NFL Players Salute Ferguson–Cops’ Turn To Protest

Good For Them

It’s encouraging to see athletes stand up, show leadership, and express connection to the communities that support them.  I take exception to the old “I’m not a role model” stance of celebrities, particularly athletes, as expressed by Charles Barkley so many years ago.  When these performers accept millions upon millions of dollars to play games or, in the case of actors, play make believe, they do so knowing full well that the spotlight follows–and they should accept that with the spotlight comes a tacit responsibility to conduct themselves in a manner befitting the adulation and compensation they receive.

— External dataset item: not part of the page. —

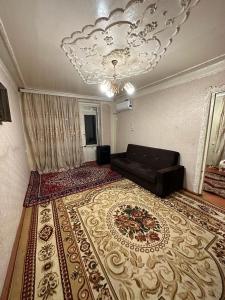 uma sala de estar com um sofá e um lustre em Samir Gues Hause em Ganja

http://thefreethoughtproject.com/rams-players-bold-political-statement-entering-field-hands-up-dont-shoot-pose/
don't shoot

So, its “Us Against Them”…

And, once again, some Police demonstrate the how and  why our nation continues to have these incidents of conflict, escalation, and and brutality with an overt “how dare they” response to public criticism and opinions contrary to their own.  The best thing the police could have done, in this instance, is to sit back quietly rather than respond aggressively to what they saw as an affrontry, but what most people regarded as a demonstration of solidarity.  Notably, the SLPOA spokesperson, Jeff Roorda, is a former police officer who was dismissed after twice being charged with falsifying reports–he appealed, but lost.

The St. Louis Police Officers Association called for the players involved to be disciplined and for the Rams and the NFL to deliver a “very public apology,” its statement read in part.

“I know that there are those that will say that these players are simply exercising their First Amendment rights,” SLPOA business manager Jeff Roorda said in the statement. “Well, I’ve got news for people who think that way: Cops have First Amendment rights too, and we plan to exercise ours. I’d remind the NFL and their players that it is not the violent thugs burning down buildings that buy their advertiser’s products. It’s cops and the good people of St. Louis and other NFL towns that do. Somebody needs to throw a flag on this play. If it’s not the NFL and the Rams, then it’ll be cops and their supporters.”